In 2019, it was fine, mostly, but everyone once in a while, our elevator, which was the only Spark Max on the system, would behave a little jittery, or would not respond. There was no obvious issue, to us anyway, but a CSA looked at our code, and our robot, and the driver station, and frowned, and borrowed a screwdriver and played with our wires and said that our wiring wasn’t so good. Tighten down the wiring. It seemed to work.
Fast forward to this year. We’ve got Spark Max/Neo combinations for all four drive wheels, plus our shooter. In two of our competition matches this year, at some point, we lost the left side drive train. We couldn’t move, unless you count spinning in a circle. The drive team checked the joystick during the match. (Tank drive style, two joystick control) Both joysticks are responding normally. After the match, they inspect. Everything mechanical looks normal. The software for this part of the drive is extra simple. Read joystick, apply deadband, set motor speed. Works like a charm all the time. Nothing funky in the software that could produce some occasional error.
Brink robot back to pits. Everything is normal. It works great.
So, we start asking, what happened? Drive team suspects software error. Of course. If you can’t see it, it must be a software error. Speaking as the software mentor, I’m confident it wasn’t a software error. No problem with chains. No problem with wheels or transmissions. Joystick was checked while still on the field. It was responding in the driver station, but the left side wasn’t moving.
Can bus error, maybe?
I check the driver station. I’m not exactly a driver station expert. I check events. No exceptions or funky warnings. Look at CAN bus utilization in the log. I see a fuzzy gray area centered around 30%. No big spikes. I don’t know what I’m looking for, just “something odd”. However, I don’t see anything odd.

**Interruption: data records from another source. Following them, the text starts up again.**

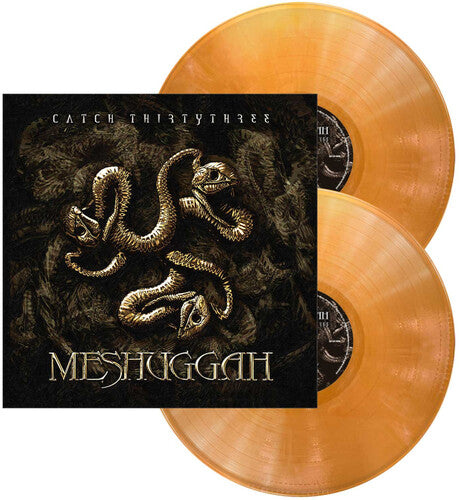 Meshuggah - Catch Thirtythree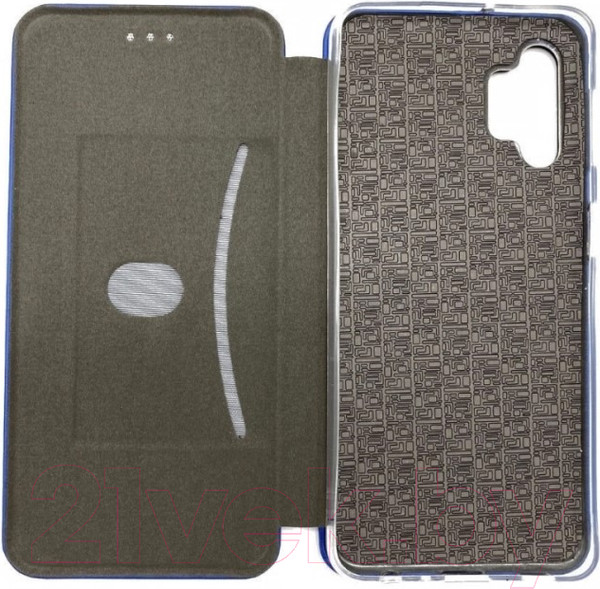 Изображение товара Чехол-книжка Case Magnetic Flip для Galaxy A32 5G (синий)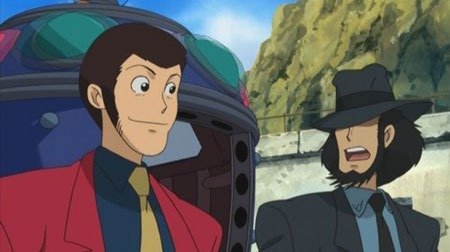 ルパン三世 映画ランキング ルパン三世 霧のエリューシヴ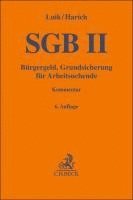 bokomslag SGB II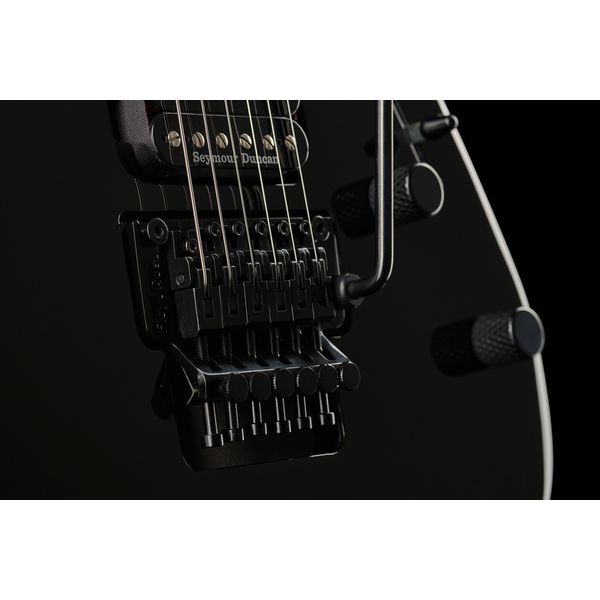 Charvel Pro-Mod San Dimas HH FR MN BK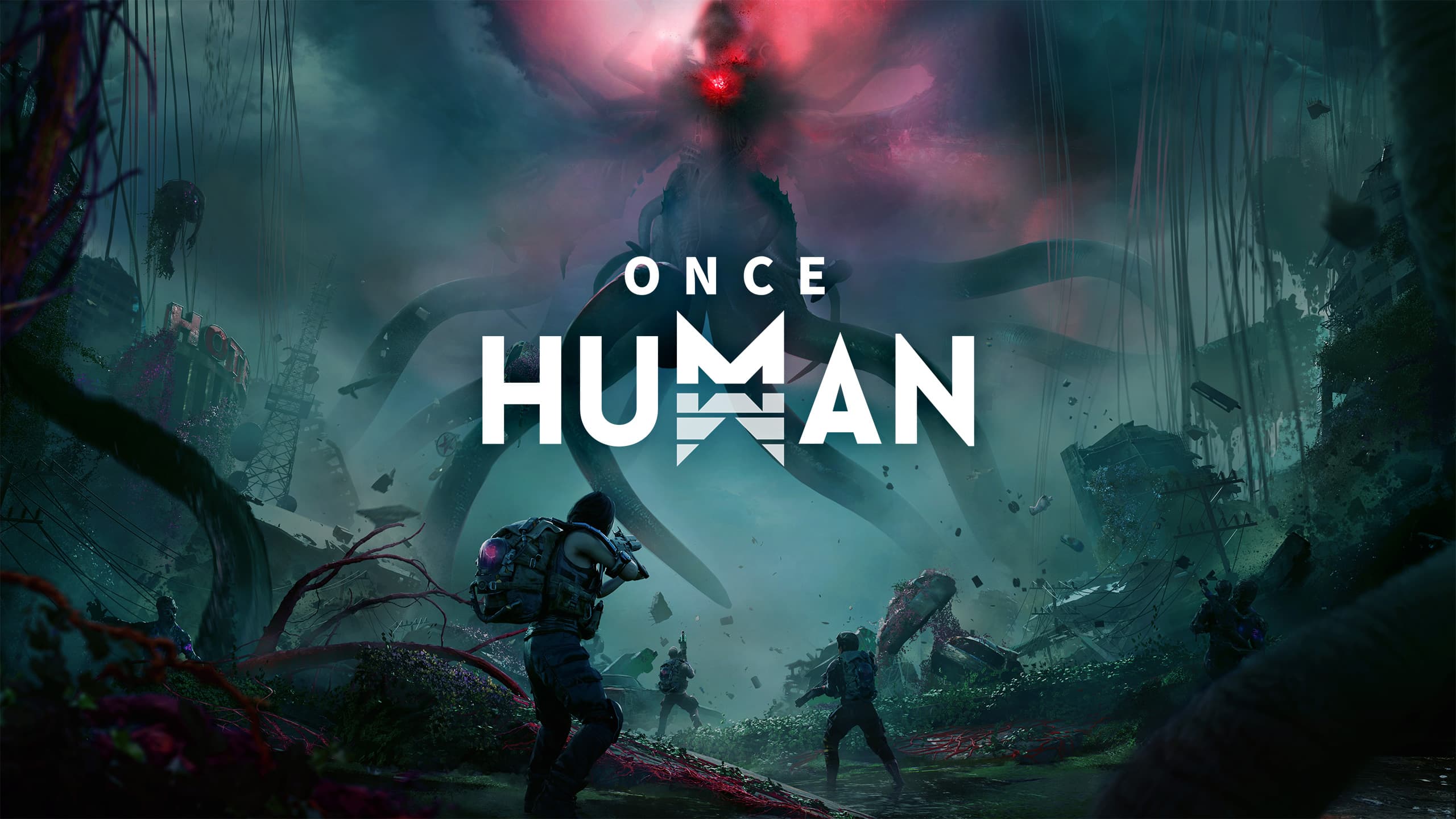 Once Human - Discord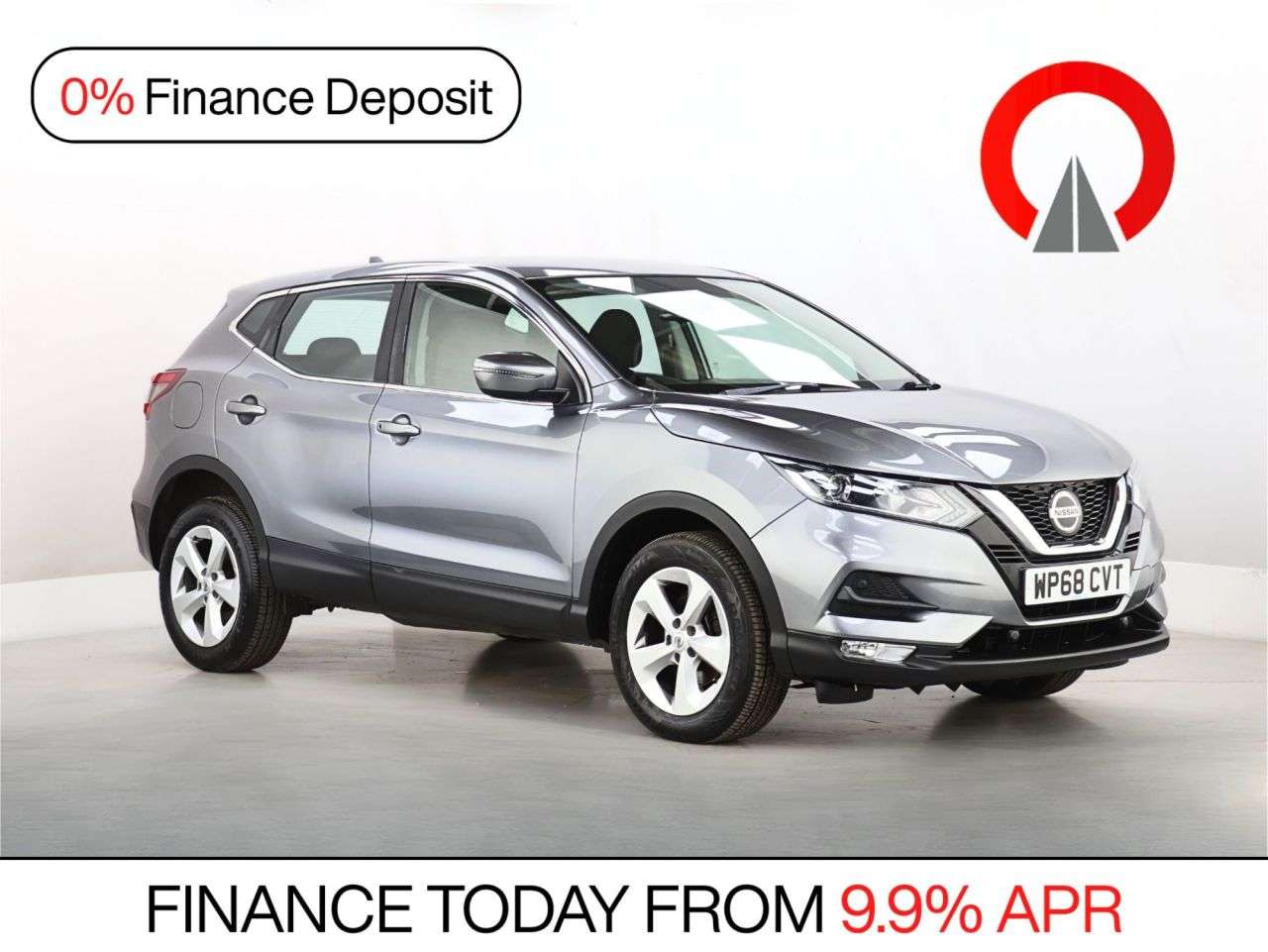 A 2018 NISSAN QASHQAI 1.5 dCi Acenta Premium SUV 5dr Diesel Manual Euro 6 (s/s) (115 ps) A 2018 NISSAN QASHQAI 1.5 dCi Acenta Premium SUV 5dr Diesel Manual Euro 6 (s/s) (115 ps)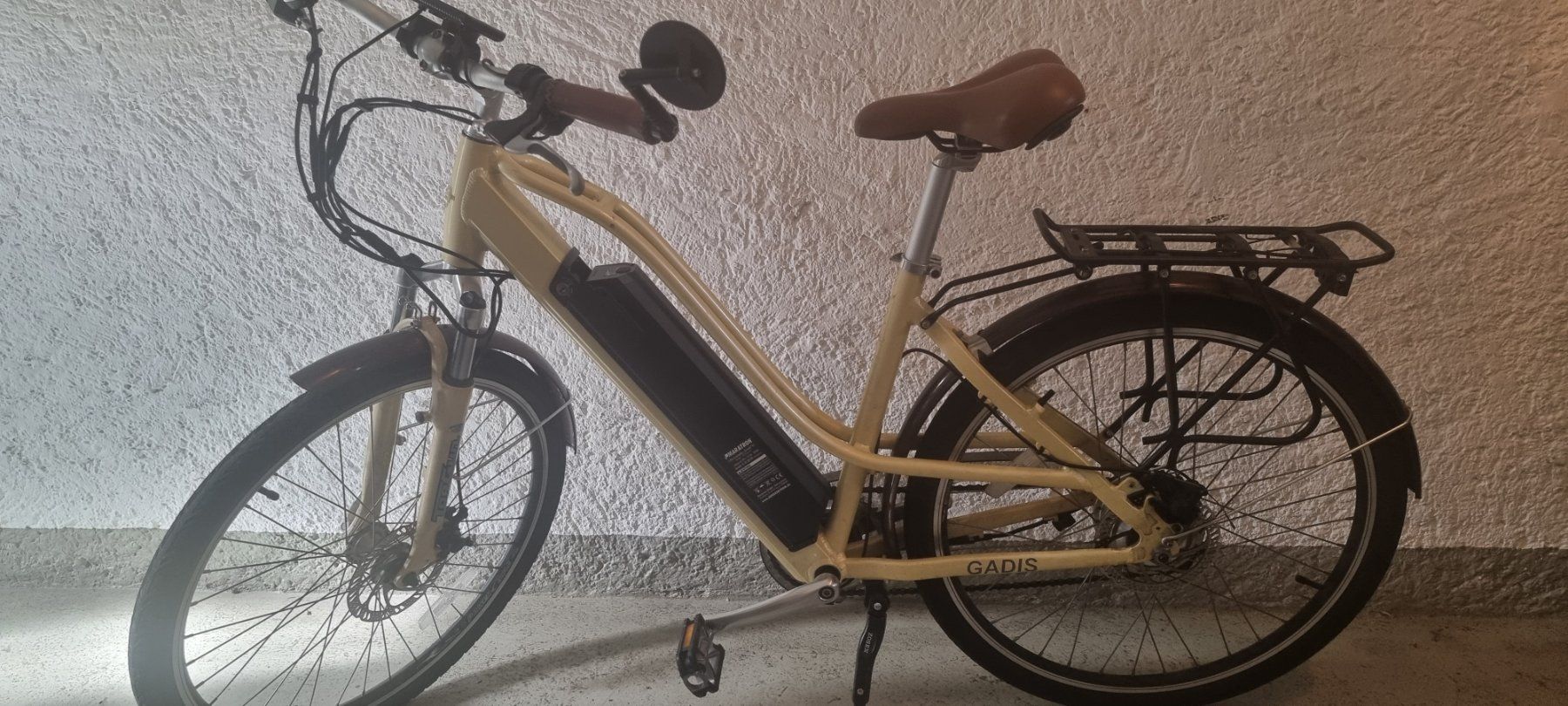 Velos: E-Bike – Gebraucht aus Frauenfeld von nazanin 1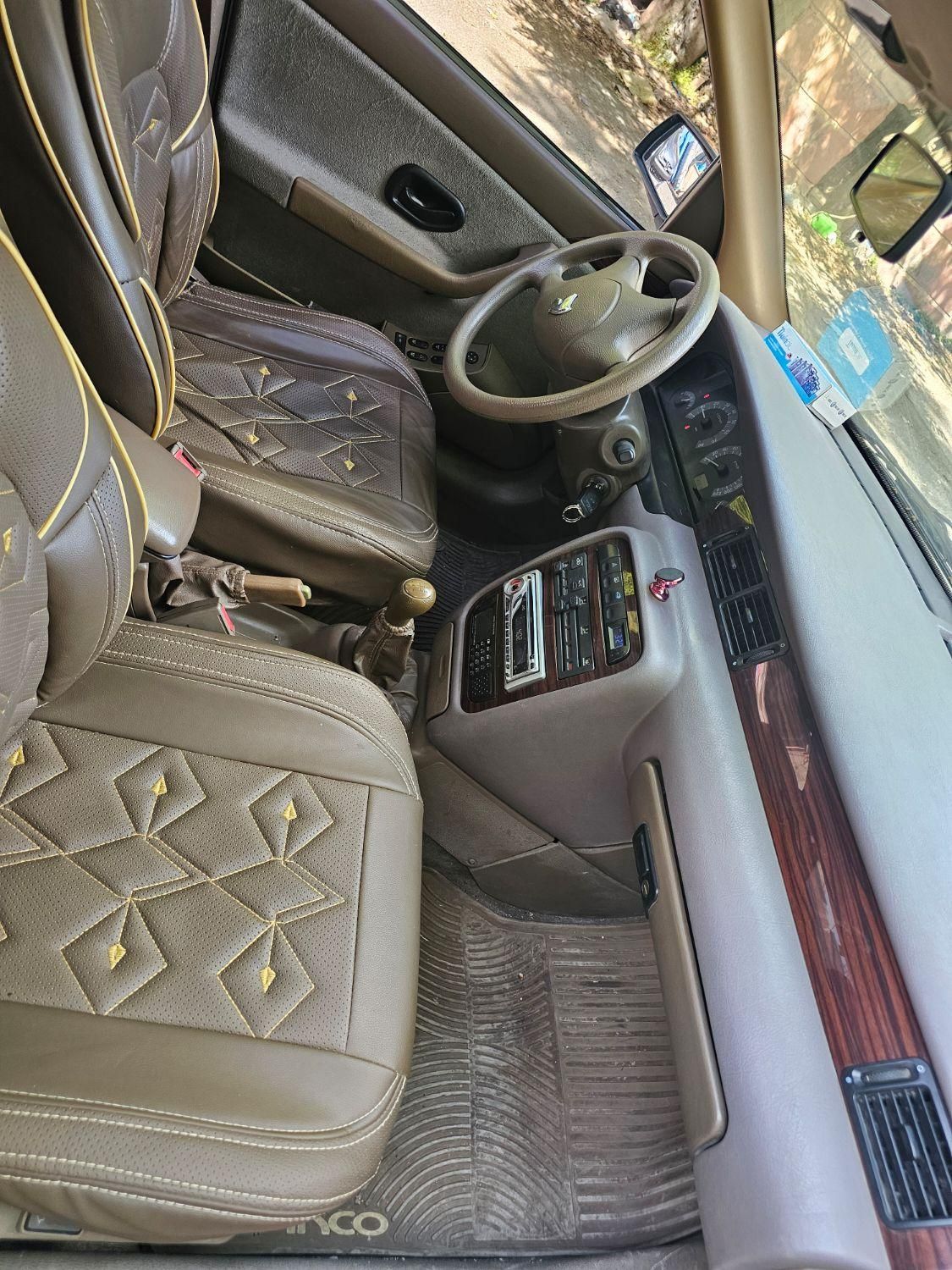 سمند LX XU7 - 1388
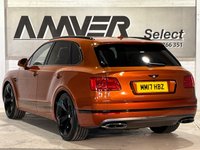 USED 2017 17 BENTLEY BENTAYGA 6.0 W12 SUV 5dr Petrol Auto 4WD Euro 6 (s/s) (608 ps) 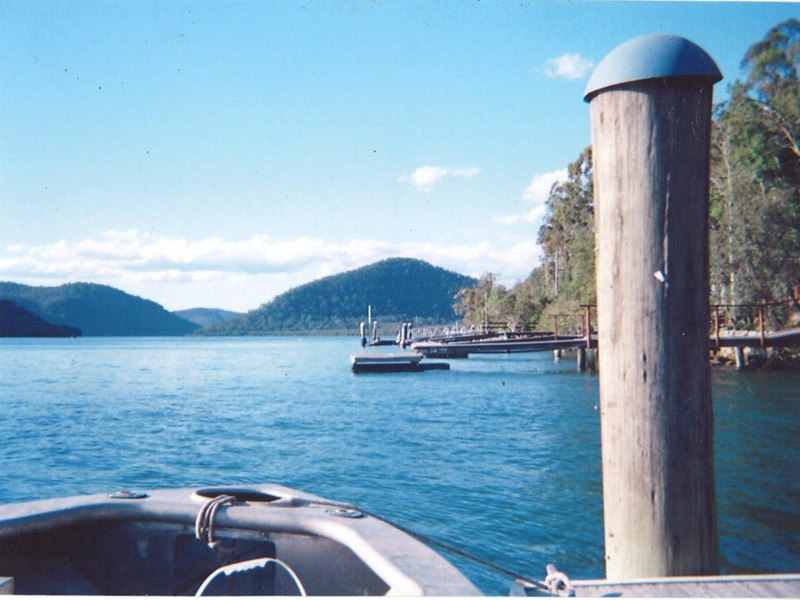 Lot 13 Hawkesbury River, Bar Point NSW 2083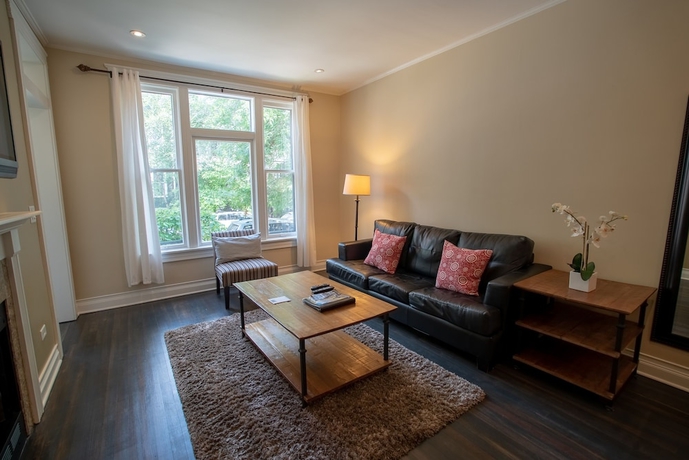 Imagen de los exteriores del Hotel Roscoe Village Guesthouse. Foto 16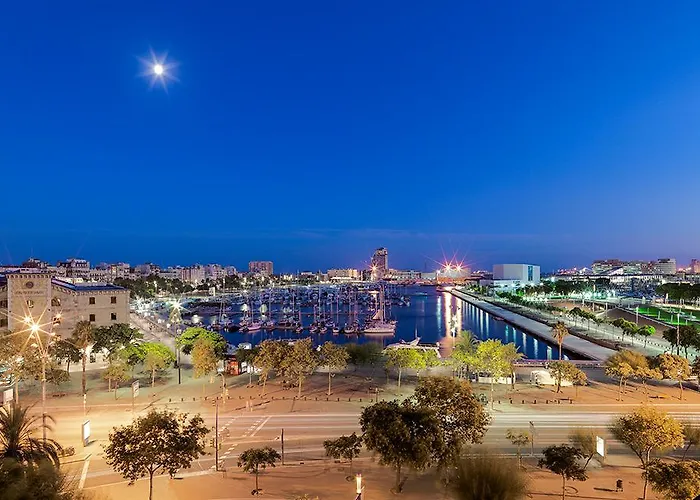 H10 Port Vell 4* Sup 4*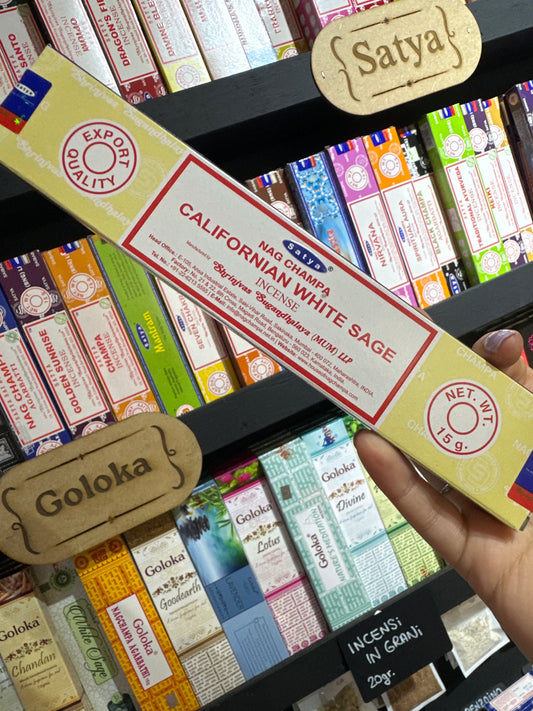 Californian White Sage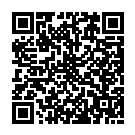QR code for sharing / printing
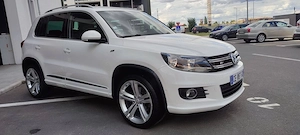 vw tiguan R-line original an 2012 motor 2.0tdi 170 cp  - imagine 3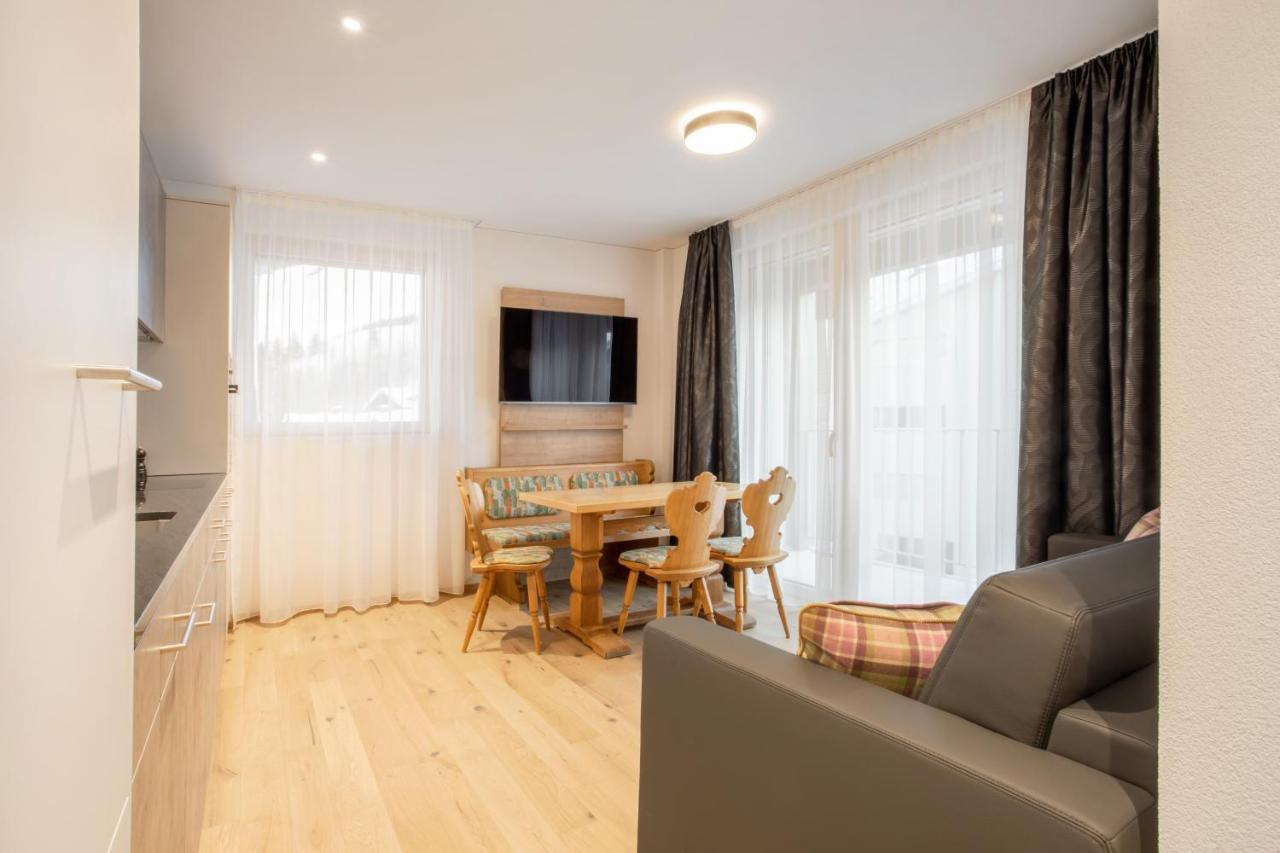 Hotel Tannenboden Flumserberg Extérieur photo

It’s not something crazy like bad configuration of CAN IDs. Those would cause problems every time. Software logic errors would show up a lot more frequently in simple code like this. It happened twice, out of 28 competition matches, 5 practice matches, and several hours of operation in our practice area. (Besides which, the code for moving the right side wheels is inside the same set of brackets as the left side wheels. Java code. If it wasn’t updating the left side, it wouldn’t update the right side.) No broken chains, and no sign of sticking wheels or anything funky mechanically.
My mind, though, goes back a few years to that CSA who saw something in our logs, frowned, and started fixing wires. What was it that she saw? I really have no idea myself. I’m not sure what information there was available. All I can see is utilization, and we’re fine. What do you suppose she saw? In general, is it common to have intermittent CAN errors, and if so, what would we see in the logs if it were happening?
And, is there any other non-mechanical way of causing two motors to stop responding? In one of the two matches where the phenomenon happened, we did have an abnormally high level of packet loss, but it seems odd that it would affect only one pair of motors, and no other system. Also, in the other match where it happened, we didn’t have high levels of packet loss.
Our pneumatic systems, and the other motors (two right side motors, plus shooter) were working fine.
Any suggestions would be welcome.